--- Given material Enclosed Below ---
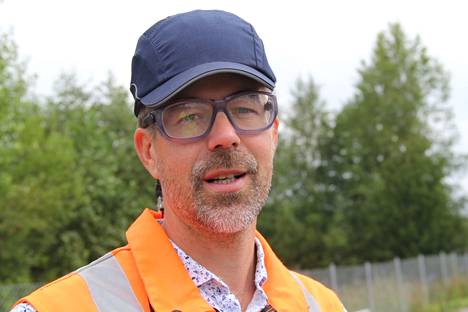 Formican IKIn Kolhon tehtaanjohtaja Jani Kattilakoski uskoo, että seuraavaksi tehdas siirtyy biokaasuun. Uusi terminaali sopii sen käyttämiseen.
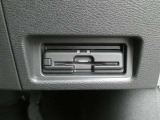 ここに ETC付いております。高速道路の料金所もスイスイ♪ ETCカードの申し込みは日産カードがおすすめ!!!「安心」「おトク」「便利」で皆さまのカーライフをサポートする特典満載のカードです。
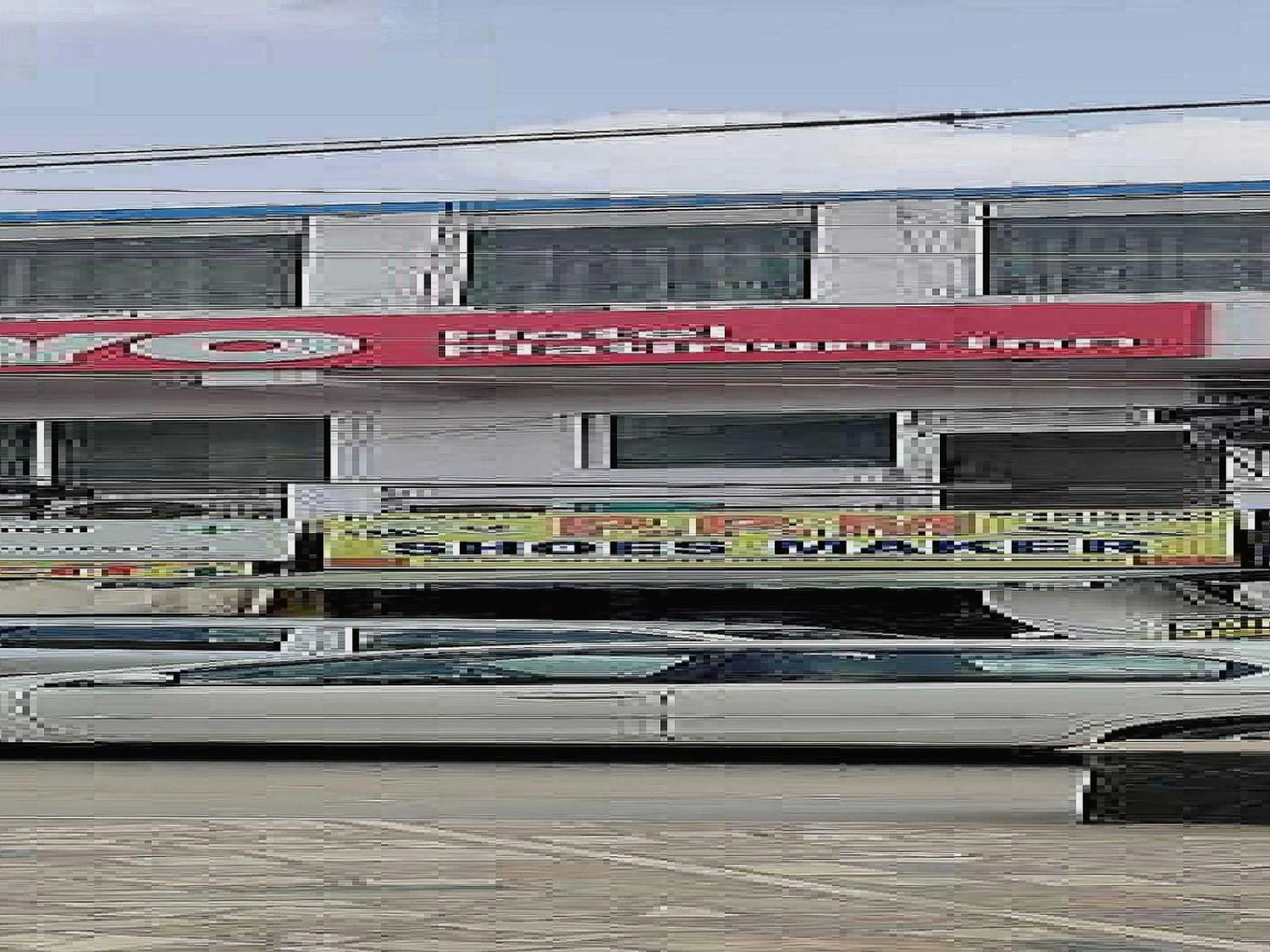 Facade/entrance in Hotel O Platinum Inn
--- End of Enclosed Given material ---
• **What the task requires**
Without including any pictures, print all of the material exactly as given.

• **Task answer**
 Formican IKIn Kolhon tehtaanjohtaja Jani Kattilakoski uskoo, että seuraavaksi tehdas siirtyy biokaasuun. Uusi terminaali sopii sen käyttämiseen.
 ここに ETC付いております。高速道路の料金所もスイスイ♪ ETCカードの申し込みは日産カードがおすすめ!!!「安心」「おトク」「便利」で皆さまのカーライフをサポートする特典満載のカードです。
 Facade/entrance in Hotel O Platinum Inn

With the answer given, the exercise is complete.